I have lost my birth mother and father because of unexpected deaths. I lost the father who raised me to death from Alzheimer’s. I watched him suffer, and I wished each day would be his last because it was so unbearable to watch this man wither away.
I have one parental figure left—my grandmother. She and I have not spoken in nearly a year, and before that, it was always contentious.
With the help of therapy, I realized that you do not have to put your mental health in danger simply because someone is family. When another human subjects you to years of physical, mental, and emotional abuse and is unwilling to acknowledge their behavior, you are not required to continue to try.
But that comes with its unique form of grief. I remember the fun holiday moments, but then I remember when she struck me. I fell into the dresser and cut my eye on Christmas Day.
I remember all the fun we had playing cards and games. I remember the lavish holiday dinners she would cook, how she would painstakingly wrap the presents and decorate the tree. It is hard to forget that she is the mother who never left me and was the only mother there on Christmas.

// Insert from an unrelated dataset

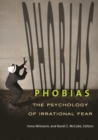 Phobias : The Psychology of Irrational Fear - eBook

Mattie Quinn offers some perspective on these emotions and how to handle this grief during the holidays. She reminds us that our feelings are valid, as is our instinct to protect ourselves.
Quinn recommends finding a coping mechanism, like journaling or writing a letter (that you don’t have to send) to the family member you are estranged from. A lot of her advice is spot on if you are the family member that pulled away from the relationship.
I recognize that the other family member, in my case, my grandmother, is also experiencing grief. She doesn’t understand what she did or why she is alone on the holidays.
I know she shares many of the happy memories that I do, but she denies that any of the sad ones happened. I know that is her way of coping with all her trauma.
I also know that her narcissistic mind won’t let her view it in a light where she was the villain. This is why we don’t speak, not so much because of the past, but because any attempt at communicating is futile.
If you are experiencing grief this holiday season, please know that you aren’t alone. If you need help, reach out to a loved one or a counselor.
If you have lost someone recently, and this is your first holiday without them, it is ok to feel every emotion you feel. It doesn’t get easier, but time has a way of changing your perspective.
If you feel comfortable sharing your story of grief, please do in the comments. It might help someone else make it through this holiday season. Stay safe and stay well.